On Oct 19, 2010, at 2:31 PM, Akhil Shah wrote:
> Hello,
> I am very new to FiPy and trying to solve a 2D diffusion problem with a
> random source using a method that requires sampling from a conditional
> distribution (derived from the associated Fokker-Plank equation) at each time
> step then evolving the deterministic part of the PDE.
>
> The conditional distribution (it's a combination of Beta/Gamma but doesn't
> matter for my question) would require field-dependent parameters (for the
> mean/variance/etc.). For example, the following does NOT work (1D example):
>
> mesh=Grid1D(nx=50,dx=1.)
> phi=CellVariable(name="my field at time 0",mesh=mesh)
> x=mesh.getCellCenters()[0]
> from scipy.special import erf
> phi.setValue(1-erf(x))
> noise=ExponentialNoiseVariable(mesh=mesh,mean=phi) #mean depends on phi
You don't say what happens, but when I test this, I get "ValueError: scale <=
0". I'm not sure why I wrote the ExponentialNoiseVariable() with a "mean"
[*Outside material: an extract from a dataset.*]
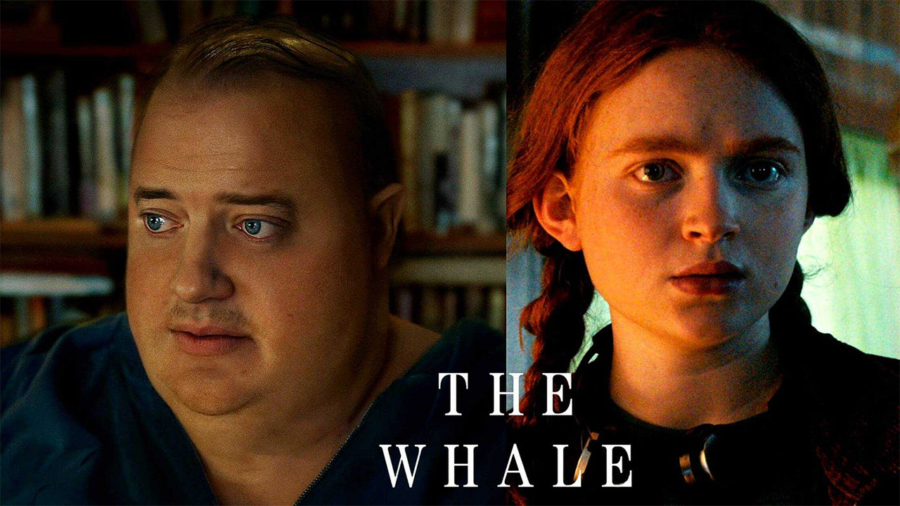 the whale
argument; "mean" is passed to numpy.random.exponential() as "scale" \beta in:
f(x; \frac{1}{\beta}) = \frac{1}{\beta} \exp(-\frac{x}{\beta}).
\beta must be positive.
You should be able to address this by doing something like:
offset = min(phi) + epsilon
noise=ExponentialNoiseVariable(mesh=mesh,mean=phi - offset) + offset
> Do I just have to create a "for" loop across the mesh, extract phi at the
> cell center, generate the corresponding noise at that cell center (using the
> phi at that cell center as the parameter for whatever distribution) and
> somehow re-assemble the noise field?
That would be very slow, if nothing else.